● Required work
Make an exact copy of the listing underneath, skipping each picture.

□ □ □ □ □

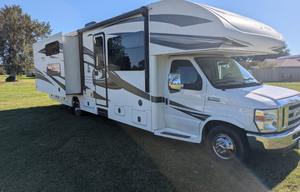 2018 Jayco Greyhawk 31FS RV rental photo 3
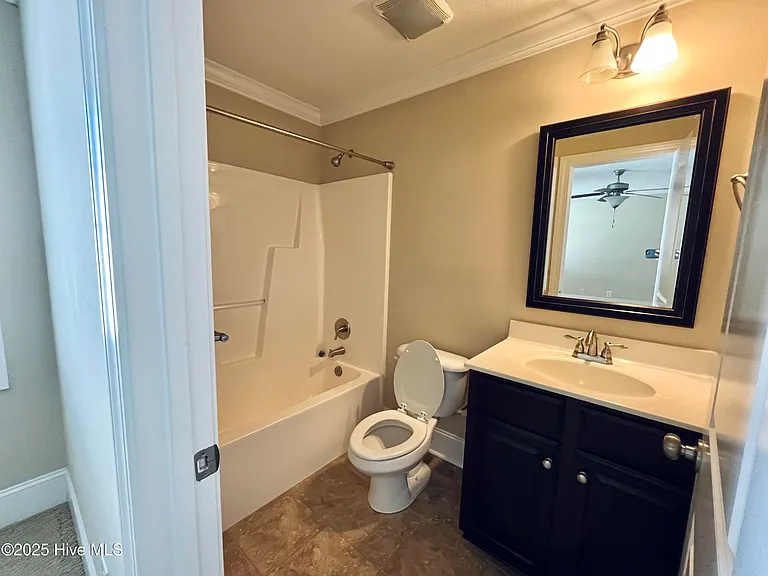 1860 Cambria Dr #B — Photo 15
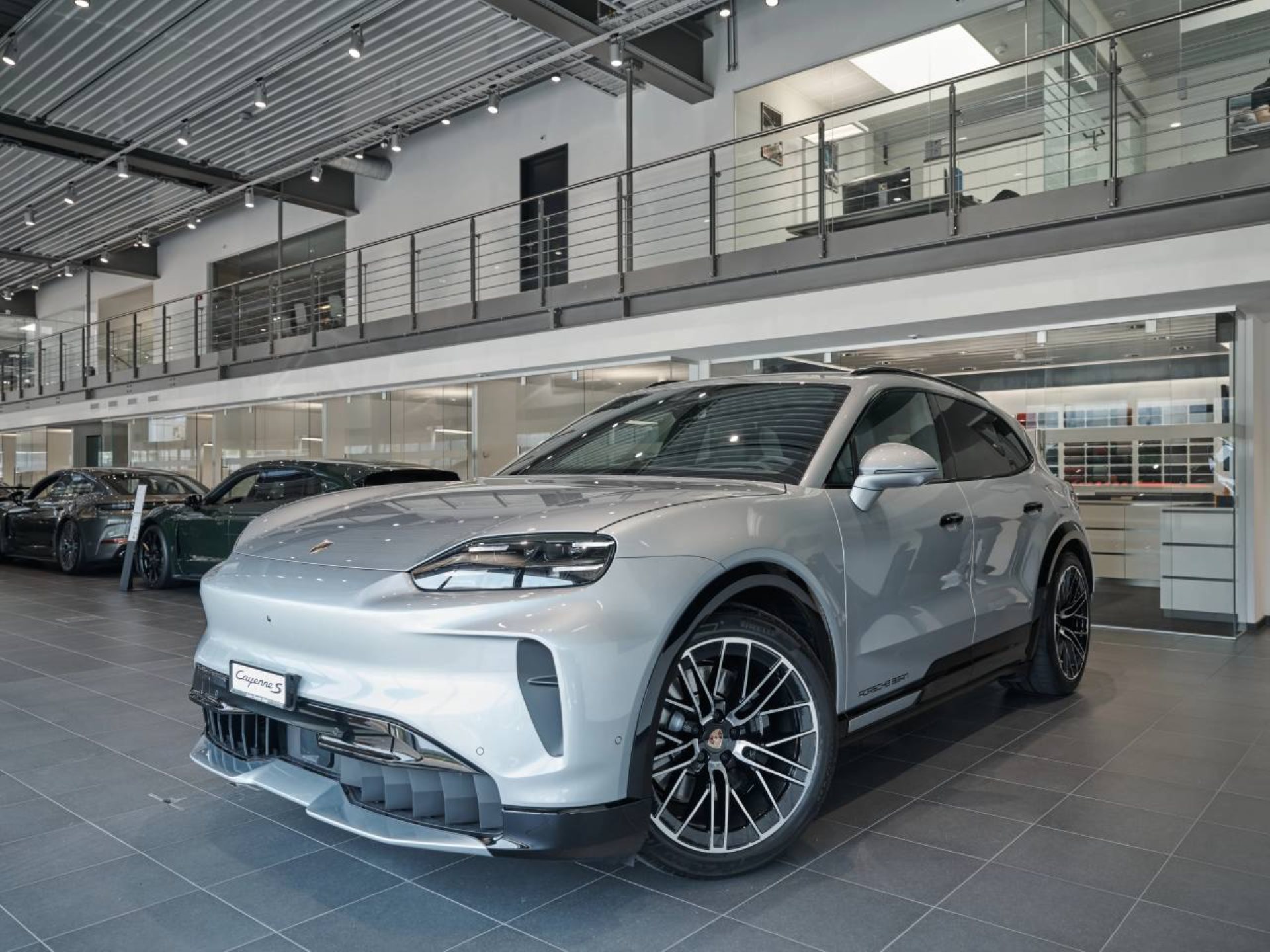 PORSCHE Cayenne S Electric-image-7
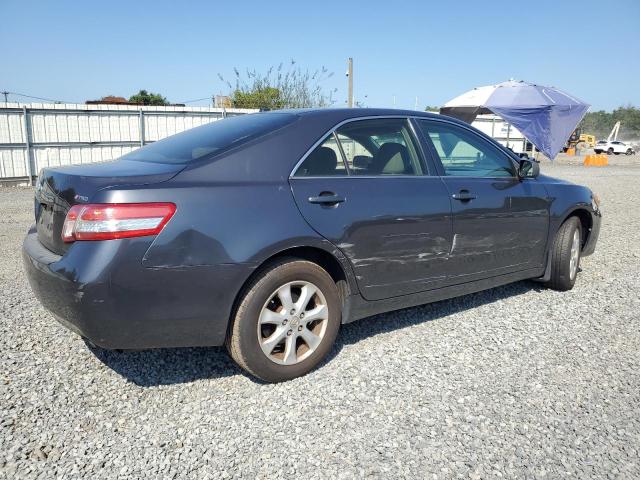 4T1BF3EK2BU756827 - 2011 TOYOTA CAMRY BASE Մոխրագույն լուսանկար 3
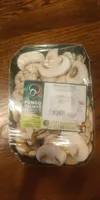Funghi prataioli coltivati e affettati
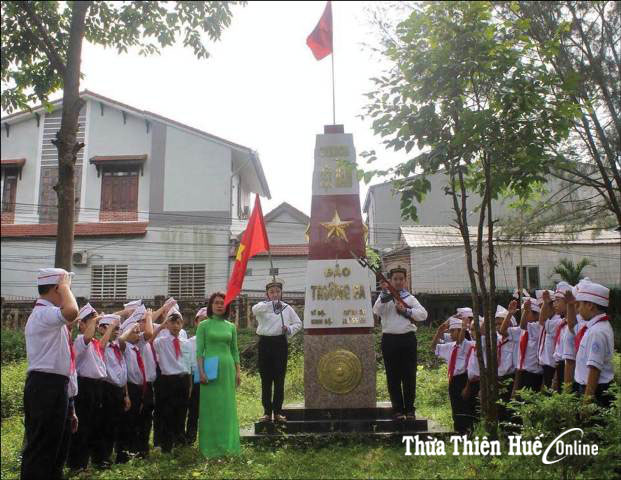 Những công trình của tuổi trẻ
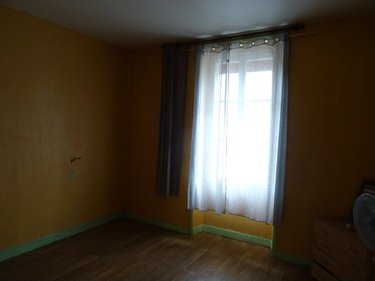 Fonds et murs commerciaux a vendre Laval 53000 Mayenne 92 m2  147500 euros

□ □ □ □ □

● Written reply
 2018 Jayco Greyhawk 31FS RV rental photo 3
 1860 Cambria Dr #B — Photo 15
 PORSCHE Cayenne S Electric-image-7
 4T1BF3EK2BU756827 - 2011 TOYOTA CAMRY BASE Մոխրագույն լուսանկար 3
Funghi prataioli coltivati e affettati
 Những công trình của tuổi trẻ
 Fonds et murs commerciaux a vendre Laval 53000 Mayenne 92 m2  147500 euros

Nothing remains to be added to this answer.